In the entries below, find the line with "Used Mercedes-Benz C" and the line with "17 Pequot Drive". Return those two lines and all lines between them, exactly.

+ + + + +

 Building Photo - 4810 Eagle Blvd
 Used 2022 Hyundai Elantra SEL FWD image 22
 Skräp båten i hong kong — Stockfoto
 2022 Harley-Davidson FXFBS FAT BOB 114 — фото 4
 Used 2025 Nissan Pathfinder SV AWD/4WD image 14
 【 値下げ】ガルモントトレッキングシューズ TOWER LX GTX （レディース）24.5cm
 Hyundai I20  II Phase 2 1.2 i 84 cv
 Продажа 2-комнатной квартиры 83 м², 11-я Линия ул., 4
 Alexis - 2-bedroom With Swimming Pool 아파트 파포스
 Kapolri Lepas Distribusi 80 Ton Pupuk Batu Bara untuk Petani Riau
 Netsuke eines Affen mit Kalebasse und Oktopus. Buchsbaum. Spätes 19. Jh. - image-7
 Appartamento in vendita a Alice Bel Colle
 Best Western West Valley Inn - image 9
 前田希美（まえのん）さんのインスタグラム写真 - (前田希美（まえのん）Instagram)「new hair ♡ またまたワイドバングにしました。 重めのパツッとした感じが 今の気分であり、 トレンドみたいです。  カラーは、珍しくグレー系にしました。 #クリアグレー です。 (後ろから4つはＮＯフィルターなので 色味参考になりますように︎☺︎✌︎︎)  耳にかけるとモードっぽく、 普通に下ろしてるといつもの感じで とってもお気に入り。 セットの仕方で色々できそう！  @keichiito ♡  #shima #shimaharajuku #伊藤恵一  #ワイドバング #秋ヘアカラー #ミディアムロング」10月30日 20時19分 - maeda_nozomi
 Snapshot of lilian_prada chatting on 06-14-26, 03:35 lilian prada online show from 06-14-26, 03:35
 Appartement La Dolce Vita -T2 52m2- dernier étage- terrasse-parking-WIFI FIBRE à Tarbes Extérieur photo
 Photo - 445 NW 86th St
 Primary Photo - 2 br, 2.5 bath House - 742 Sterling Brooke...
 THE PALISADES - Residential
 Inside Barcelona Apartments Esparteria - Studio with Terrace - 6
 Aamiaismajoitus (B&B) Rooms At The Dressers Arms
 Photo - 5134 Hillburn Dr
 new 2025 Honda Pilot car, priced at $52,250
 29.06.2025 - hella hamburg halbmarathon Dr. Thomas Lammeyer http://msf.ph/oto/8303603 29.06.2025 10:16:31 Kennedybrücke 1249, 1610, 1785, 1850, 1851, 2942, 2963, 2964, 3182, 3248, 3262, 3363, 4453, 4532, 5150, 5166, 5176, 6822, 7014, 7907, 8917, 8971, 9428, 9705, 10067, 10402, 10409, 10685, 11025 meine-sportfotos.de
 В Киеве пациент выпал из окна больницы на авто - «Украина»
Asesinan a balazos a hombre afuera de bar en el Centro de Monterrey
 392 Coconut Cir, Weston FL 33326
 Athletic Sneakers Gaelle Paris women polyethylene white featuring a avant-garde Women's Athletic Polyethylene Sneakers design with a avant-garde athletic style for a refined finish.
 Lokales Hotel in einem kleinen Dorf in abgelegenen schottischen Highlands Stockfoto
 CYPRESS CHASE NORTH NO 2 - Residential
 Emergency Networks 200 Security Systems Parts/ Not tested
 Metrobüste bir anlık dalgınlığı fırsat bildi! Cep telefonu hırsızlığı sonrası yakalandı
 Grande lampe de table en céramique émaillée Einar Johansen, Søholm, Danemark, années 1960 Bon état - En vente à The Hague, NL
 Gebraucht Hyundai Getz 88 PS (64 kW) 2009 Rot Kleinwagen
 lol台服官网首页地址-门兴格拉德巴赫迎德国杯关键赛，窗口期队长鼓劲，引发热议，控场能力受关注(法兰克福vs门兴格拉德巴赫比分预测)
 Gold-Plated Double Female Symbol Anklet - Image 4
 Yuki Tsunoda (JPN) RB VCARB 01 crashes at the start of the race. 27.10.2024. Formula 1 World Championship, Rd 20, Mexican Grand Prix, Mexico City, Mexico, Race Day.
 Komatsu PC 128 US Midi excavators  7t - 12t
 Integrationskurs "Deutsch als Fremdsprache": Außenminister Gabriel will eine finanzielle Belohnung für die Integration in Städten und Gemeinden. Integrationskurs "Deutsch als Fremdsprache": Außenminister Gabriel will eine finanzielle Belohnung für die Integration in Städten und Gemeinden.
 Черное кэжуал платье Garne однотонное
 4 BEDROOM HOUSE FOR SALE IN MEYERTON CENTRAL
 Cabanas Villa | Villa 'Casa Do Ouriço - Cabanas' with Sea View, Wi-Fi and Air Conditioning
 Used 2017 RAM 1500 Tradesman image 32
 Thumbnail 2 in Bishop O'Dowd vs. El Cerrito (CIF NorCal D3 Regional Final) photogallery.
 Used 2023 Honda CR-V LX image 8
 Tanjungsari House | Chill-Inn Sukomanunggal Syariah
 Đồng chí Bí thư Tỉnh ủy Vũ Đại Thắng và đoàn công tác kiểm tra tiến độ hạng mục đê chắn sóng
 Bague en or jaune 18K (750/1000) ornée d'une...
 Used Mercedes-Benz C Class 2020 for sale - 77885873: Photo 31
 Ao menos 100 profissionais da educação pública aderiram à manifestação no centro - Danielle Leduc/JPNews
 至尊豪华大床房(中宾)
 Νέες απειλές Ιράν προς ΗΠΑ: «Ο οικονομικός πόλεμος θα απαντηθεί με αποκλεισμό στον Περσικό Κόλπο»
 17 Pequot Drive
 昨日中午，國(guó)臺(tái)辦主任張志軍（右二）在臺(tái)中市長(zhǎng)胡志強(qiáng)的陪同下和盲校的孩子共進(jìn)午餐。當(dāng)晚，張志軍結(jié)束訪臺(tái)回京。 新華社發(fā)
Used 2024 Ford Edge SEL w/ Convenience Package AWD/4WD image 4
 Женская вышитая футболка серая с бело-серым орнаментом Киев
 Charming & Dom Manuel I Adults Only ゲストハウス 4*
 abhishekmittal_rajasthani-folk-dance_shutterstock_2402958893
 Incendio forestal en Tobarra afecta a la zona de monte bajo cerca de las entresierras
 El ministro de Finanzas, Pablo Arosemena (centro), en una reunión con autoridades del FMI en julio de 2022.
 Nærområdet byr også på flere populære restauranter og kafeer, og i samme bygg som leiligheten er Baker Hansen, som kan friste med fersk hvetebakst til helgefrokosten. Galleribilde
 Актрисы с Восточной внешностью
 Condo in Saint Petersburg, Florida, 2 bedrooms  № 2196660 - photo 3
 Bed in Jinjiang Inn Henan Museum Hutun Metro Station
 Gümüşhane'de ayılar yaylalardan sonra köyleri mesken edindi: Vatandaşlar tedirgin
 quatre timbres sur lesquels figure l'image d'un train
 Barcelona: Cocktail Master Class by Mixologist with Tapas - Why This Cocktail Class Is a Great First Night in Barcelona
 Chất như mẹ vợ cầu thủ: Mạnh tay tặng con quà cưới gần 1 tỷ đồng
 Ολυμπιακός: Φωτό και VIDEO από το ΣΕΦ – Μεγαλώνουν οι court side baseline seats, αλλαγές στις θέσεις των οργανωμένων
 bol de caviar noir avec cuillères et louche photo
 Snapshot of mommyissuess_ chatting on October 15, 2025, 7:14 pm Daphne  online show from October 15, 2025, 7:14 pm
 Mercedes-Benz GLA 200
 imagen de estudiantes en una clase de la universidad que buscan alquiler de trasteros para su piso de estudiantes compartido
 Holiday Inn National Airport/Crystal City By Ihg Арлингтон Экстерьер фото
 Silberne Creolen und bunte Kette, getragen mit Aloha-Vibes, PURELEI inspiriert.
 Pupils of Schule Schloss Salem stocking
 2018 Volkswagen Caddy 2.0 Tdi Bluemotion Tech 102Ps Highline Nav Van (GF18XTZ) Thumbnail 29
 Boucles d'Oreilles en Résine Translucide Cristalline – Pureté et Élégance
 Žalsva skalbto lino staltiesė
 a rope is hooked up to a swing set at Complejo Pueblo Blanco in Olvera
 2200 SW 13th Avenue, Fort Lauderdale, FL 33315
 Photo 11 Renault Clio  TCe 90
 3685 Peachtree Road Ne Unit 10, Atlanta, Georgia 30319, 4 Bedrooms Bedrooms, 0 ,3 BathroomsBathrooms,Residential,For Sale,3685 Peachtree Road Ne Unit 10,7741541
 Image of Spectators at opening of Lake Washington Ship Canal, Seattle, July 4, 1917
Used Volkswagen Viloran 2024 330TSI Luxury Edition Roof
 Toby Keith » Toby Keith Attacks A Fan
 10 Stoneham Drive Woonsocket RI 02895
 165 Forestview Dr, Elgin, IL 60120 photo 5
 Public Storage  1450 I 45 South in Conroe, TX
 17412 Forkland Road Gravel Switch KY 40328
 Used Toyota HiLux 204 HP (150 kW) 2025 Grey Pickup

+ + + + +

→ Worked solution
 Used Mercedes-Benz C Class 2020 for sale - 77885873: Photo 31
 Ao menos 100 profissionais da educação pública aderiram à manifestação no centro - Danielle Leduc/JPNews
 至尊豪华大床房(中宾)
 Νέες απειλές Ιράν προς ΗΠΑ: «Ο οικονομικός πόλεμος θα απαντηθεί με αποκλεισμό στον Περσικό Κόλπο»
 17 Pequot Drive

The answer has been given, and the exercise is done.